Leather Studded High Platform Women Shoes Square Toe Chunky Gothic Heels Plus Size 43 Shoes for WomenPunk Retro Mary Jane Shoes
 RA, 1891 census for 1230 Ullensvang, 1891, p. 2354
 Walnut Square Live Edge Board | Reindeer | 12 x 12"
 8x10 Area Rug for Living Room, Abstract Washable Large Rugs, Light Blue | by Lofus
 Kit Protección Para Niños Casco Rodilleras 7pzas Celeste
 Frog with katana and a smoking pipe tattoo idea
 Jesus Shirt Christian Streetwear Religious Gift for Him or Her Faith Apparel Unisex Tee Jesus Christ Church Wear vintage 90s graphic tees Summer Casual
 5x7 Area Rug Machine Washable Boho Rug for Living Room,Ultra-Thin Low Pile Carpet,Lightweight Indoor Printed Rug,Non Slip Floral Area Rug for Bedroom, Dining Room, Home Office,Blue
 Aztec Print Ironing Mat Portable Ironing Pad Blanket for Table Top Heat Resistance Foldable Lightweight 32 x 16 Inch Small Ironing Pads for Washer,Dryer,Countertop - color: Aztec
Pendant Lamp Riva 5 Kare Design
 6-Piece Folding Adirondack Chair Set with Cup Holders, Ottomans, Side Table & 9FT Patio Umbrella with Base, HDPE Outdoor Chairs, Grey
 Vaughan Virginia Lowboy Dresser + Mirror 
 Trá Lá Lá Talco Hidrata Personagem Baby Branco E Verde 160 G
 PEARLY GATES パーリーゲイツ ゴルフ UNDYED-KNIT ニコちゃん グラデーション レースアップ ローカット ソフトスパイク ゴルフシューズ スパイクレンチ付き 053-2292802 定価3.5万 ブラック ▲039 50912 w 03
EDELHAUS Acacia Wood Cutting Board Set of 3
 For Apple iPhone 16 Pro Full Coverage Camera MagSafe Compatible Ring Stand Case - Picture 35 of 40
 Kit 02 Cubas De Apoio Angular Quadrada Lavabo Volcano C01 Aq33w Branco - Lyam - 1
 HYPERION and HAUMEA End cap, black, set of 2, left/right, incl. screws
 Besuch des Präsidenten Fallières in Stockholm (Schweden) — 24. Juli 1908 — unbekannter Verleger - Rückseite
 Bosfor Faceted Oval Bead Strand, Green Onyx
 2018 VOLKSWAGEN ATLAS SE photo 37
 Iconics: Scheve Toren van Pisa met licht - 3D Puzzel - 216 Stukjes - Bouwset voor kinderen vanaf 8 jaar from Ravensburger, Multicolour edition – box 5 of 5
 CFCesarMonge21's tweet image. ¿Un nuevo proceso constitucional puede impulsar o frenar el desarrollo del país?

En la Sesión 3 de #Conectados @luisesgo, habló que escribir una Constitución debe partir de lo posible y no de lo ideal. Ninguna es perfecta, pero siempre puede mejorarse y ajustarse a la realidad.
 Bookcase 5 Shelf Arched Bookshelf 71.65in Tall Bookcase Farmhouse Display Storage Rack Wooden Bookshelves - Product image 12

**What is needed**
Extract each line from the listing that holds the word "Room".

**Output for this exercise**
 8x10 Area Rug for Living Room, Abstract Washable Large Rugs, Light Blue | by Lofus
 5x7 Area Rug Machine Washable Boho Rug for Living Room,Ultra-Thin Low Pile Carpet,Lightweight Indoor Printed Rug,Non Slip Floral Area Rug for Bedroom, Dining Room, Home Office,Blue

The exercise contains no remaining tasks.